20:58 imirkin_: just wait 18 hours, and everything is fine
20:58 imirkin_: working as intended :)
21:04 edgecase: are you russian by any chance O.o
21:05 imirkin_: kinda
21:06 edgecase: hmm, i should see what it's doing, maybe it's not retrying in a loop, and eventually succeeds?
21:07 imirkin_: there's various recovery
21:07 imirkin_: it works relatively poorly
21:07 imirkin_: could have been a fence that finally timed out. dunno
21:07 edgecase: that [TTM] Buffer eviction failed, seems like a clue
21:07 imirkin_: that means it's pinned
21:08 imirkin_: (i think)
21:08 imirkin_: or you're out of free system memory
21:08 edgecase: could be the timeout is inside a loop
21:08 imirkin_: i'm not very familiar with that logic, unfortunately
21:09 edgecase: another idea, maybe there are ttm/drm improvements in linux-mainline, not in skeggsb's tree?

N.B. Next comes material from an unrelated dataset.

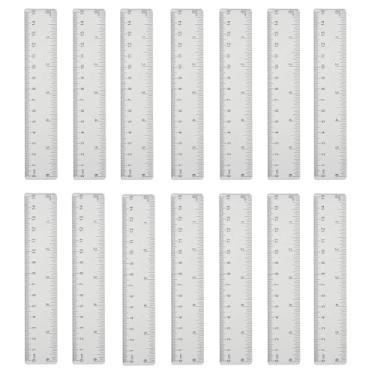 Imagem de 14 pacotes de réguas pequenas transparentes de 15 cm, régua escolar de plástico com polegadas e centímetros
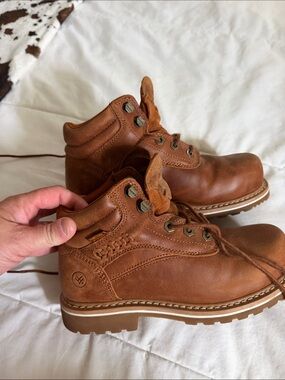 Men's Brown Leather Work Boots - Classic Lace-Up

21:10 imirkin_: his tree is based on mainline.
21:10 edgecase: maybe it's a bit behind? kernel version in what i built is 5.5.0-rc2+
21:11 imirkin_: it'll get rebased on 5.6 eventually
21:12 edgecase: 12 daysMerge branch 'linux-5.6' of git://github.com/skeggsb/linux into drm-fixesDave Airlie5-0/+48
21:13 edgecase: that's a commit message in mainline
21:14 edgecase: but i'm using branch linux-5.7 ?
21:14 imirkin_: that's more "for-linux-5.7"
21:15 imirkin_: i.e. commits that will be sent to dave when the 5.7-rc window opens
21:15 edgecase: maybe i should use skeggsb's linux-5.6 branch?
21:15 edgecase: since that's what is being merged into mainline?
21:31 edgecase: git doesn't tell you what people's workflow is, osmosis does
21:32 edgecase: ok so exit program, start again, appears frozen. yay for reproducibility!
21:33 edgecase: [31689.515680] Trying to vfree() bad address (0000000098832c10)
21:33 edgecase: [31689.515697] WARNING: CPU: 3 PID: 1940 at mm/vmalloc.c:2282 __vunmap+0x1ec/0x210
21:33 edgecase: heh heh it's confused and angry now
21:34 edgecase: Mar 2 16:30:07 hammer kernel: [31568.635057] nouveau 0000:01:00.0: fb: trapped read at 0000e30000 on channel -1 [1fec0000 unknown] engine 06 [BAR] client 08 [PFIFO_READ] subclient 00 [FB] reason 00000002 [PAGE_NOT_PRESENT]
21:56 ambienthero: if someone has shown ones superority in thinking while having resillient resistance against getting knocked down by many persistent agents from various countries, how hard is to anticipate when sanctioned 10years in a row at my home country, that my glamorious breakathrough will end up in/during this perior? You did not have any success still in forcing or framing in the meds to my life!
21:58 ambienthero: What happens is our corrupted scammers will be removed from "governing" our country and justifyingly defense police gives a real act also a license to kill , that was your only result.